It’s Not Just The Water

Marcellus gas drilling has created many problems — illegally filled streams, crumbling roads, and more.

Now we find that the development of Marcellus gas fields is polluting the air, as well as the water and land. And like other dimensions of the Marcellus gas rush, the air pollution is going completely unregulated and has the potential to become a major, irreversible hazard to our health.

The problem is that the air pollution is sometimes hard to see, difficult to measure, drifts with the wind and comes in parts — some here, some there — rather than from one easy to target source. There are pollutants being emitted from wells, during fracking and during completions when a lot of raw gas is released to the atmosphere before and after flaring. Compressor stations and dehydration units also release harmful emissions.
Rine Pollution 1 Photo by Ed Wade, Jr.
 Rine Pollution 2Photo by Ed Wade, Jr.

Each one by itself is insufficient to trigger enforcement and is usually considered a minor source. However, federal law — the Clean Air Act — requires that interconnected and interdependent sources should be considered together, or aggregated, to determine whether the Act is being violated.
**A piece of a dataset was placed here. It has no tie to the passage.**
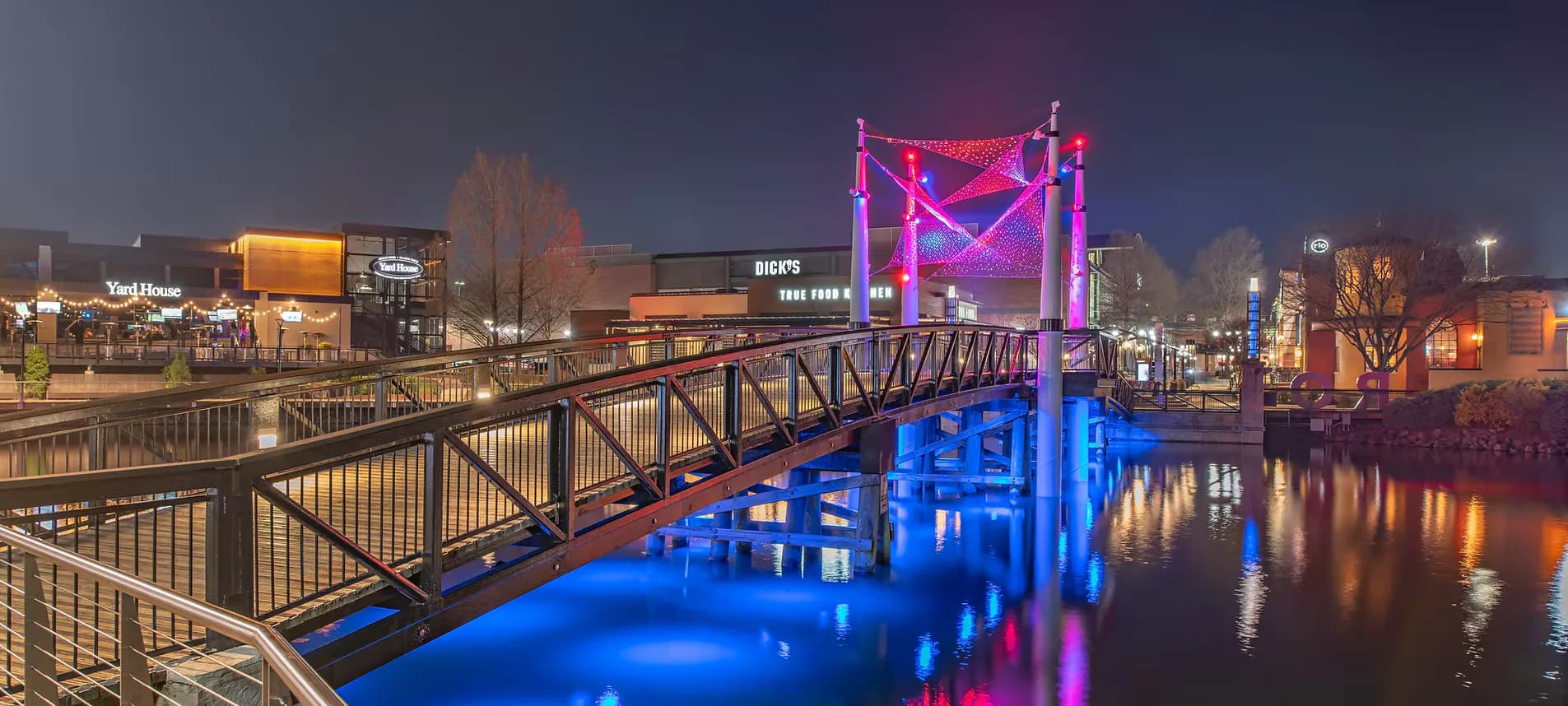 Nighttime urban waterfront with illuminated bridge featuring vibrant blue and pink architectural lighting design by Hartranft Lighting Studios.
In Wetzel County, concerned citizens are insisting on that aggregation. They want to have the emissions at all gas wells and all compressor stations be combined together as one source. They have challenged recent permits for gas compressor stations. The WV Department of Environmental Protection Division of Air Quality has refused to address the issue, saying they do not ever regulate air pollution from any gas or oil field development. So local citizens have filed an appeal, attempting to force the WVDEP to face up to its responsibility. In the aggregate, the Wetzel air pollution is more than enough to cross the Clean Air Act threshold and require pollution control measures.